UK Basketball: Calipari says Wildcats will continue to work on fundamentals
LEXINGTON — Kentucky coach John Calipari says he really has no idea yet on just how much depth his team will have this year. However, he already knows one thing — his current players are not going to be prepared to play as many minutes when the season starts.
“There were guys that were more prepared to play longer minutes last year. They had the three returning guys (Darius Miller, Doron Lamb, Terrence Jones).  Michael Kidd(-Gilchrist), and they were able to start and play. You knew they could play 23, 24 minutes,” said Calipari after Wednesday’s Blue-White scrimmage.
Calipari said the team’s conditioning could suffer as he continues to teach fundamentals to a team that will have four freshmen among its top seven players.
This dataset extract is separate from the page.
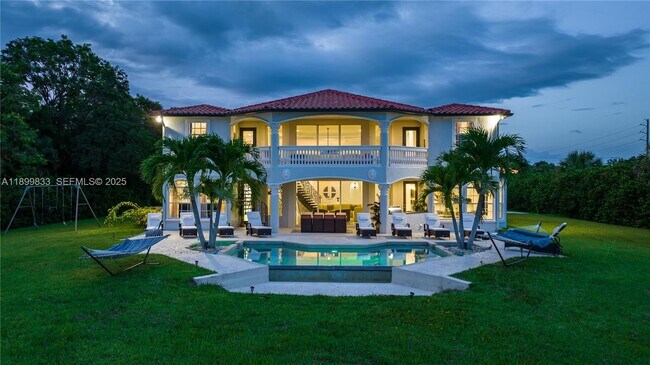 Building Photo - 6152 SW Banks St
“How can you scrimmage if you don't know how to play yet?  They don't know how to stance, they don't know how to close out yet. They don't know how to rotate, their spacing and time something so bad, that if you let them just play, you're telling them it's okay to play that way in my opinion, how I coach,” Calipari said.
“Now whether that's right or not, we'll find out, but I think you've got to stop them. Make them play the right way, and then let them play more and more. And they figure out that you're not moving. This is how we're going to play. We'll be fine. We lost a whole team. We've got a brand¿new team. We are where we are right now. I think it shows.”
Calipari hopes that will change soon.
“Hopefully in a month you'll watch us and say, man, they really got better. And in another month you say, man, they've got a chance. And in another month, you say man, they're right there. That's our hope. That's what we want to do with this crew,” Calipari said.
“And we have great kids that are listening, so it's just that their habits — they were always the best player, they were always bigger and stronger, and they could take time off. Two possessions, three possessions. They don't feel like playing. I'm going to take this quarter off. Can somebody get me a hot dog? Yeah, come on. Coach, I'll eat this hot dog and I'll go right in. It's tough. It's tough playing here. It's a tough combo.”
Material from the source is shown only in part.